[Exercise input Boundary: Start]
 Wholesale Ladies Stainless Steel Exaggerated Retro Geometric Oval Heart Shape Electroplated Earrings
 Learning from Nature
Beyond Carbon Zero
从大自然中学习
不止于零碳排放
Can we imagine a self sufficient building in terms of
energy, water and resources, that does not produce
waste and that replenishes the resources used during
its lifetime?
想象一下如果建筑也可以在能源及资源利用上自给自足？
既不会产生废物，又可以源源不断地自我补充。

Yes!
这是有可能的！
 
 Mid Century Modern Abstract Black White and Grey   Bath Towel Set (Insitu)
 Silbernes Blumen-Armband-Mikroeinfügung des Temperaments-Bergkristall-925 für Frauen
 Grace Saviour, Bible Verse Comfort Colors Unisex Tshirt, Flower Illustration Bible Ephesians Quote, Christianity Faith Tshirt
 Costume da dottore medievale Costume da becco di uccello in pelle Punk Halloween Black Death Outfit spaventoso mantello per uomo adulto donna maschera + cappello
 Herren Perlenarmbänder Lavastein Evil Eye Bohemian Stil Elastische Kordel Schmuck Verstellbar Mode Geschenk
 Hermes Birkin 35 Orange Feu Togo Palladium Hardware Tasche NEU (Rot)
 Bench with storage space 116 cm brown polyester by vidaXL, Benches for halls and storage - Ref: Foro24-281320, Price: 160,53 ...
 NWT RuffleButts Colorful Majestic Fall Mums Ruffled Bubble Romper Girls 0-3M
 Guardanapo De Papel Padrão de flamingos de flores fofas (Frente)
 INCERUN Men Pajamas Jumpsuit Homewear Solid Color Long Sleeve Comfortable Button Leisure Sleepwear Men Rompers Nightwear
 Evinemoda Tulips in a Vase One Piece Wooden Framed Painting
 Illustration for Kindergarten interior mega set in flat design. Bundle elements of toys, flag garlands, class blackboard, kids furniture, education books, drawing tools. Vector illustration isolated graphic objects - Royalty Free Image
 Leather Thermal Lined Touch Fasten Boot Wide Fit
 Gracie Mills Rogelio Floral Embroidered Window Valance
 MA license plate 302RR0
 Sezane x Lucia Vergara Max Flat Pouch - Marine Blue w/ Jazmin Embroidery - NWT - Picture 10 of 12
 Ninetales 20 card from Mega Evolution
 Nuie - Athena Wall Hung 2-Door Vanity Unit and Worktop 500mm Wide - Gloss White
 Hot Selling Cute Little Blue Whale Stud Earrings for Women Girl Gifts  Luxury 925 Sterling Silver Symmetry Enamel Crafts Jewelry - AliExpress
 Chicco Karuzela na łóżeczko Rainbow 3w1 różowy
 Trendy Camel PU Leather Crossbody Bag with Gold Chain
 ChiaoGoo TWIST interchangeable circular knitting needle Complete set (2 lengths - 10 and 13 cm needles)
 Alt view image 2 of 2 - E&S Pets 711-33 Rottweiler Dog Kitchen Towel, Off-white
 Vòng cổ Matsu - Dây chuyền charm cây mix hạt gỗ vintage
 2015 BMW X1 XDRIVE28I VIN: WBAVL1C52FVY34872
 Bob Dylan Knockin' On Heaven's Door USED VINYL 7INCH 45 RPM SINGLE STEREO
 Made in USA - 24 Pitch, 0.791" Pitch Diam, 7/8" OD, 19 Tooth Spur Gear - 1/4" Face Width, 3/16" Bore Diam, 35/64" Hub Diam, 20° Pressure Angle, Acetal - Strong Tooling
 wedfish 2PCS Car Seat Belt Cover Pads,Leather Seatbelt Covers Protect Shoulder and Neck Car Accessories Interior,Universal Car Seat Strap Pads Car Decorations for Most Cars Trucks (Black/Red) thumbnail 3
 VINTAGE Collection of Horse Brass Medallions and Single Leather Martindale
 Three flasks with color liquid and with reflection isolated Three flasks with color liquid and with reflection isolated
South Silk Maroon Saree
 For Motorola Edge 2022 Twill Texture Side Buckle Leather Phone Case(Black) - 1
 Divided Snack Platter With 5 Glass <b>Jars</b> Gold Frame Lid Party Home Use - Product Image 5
[Exercise input Boundary: End]
In the lines above, find each one with "Blue" and list it.

 Sezane x Lucia Vergara Max Flat Pouch - Marine Blue w/ Jazmin Embroidery - NWT - Picture 10 of 12
 Hot Selling Cute Little Blue Whale Stud Earrings for Women Girl Gifts  Luxury 925 Sterling Silver Symmetry Enamel Crafts Jewelry - AliExpress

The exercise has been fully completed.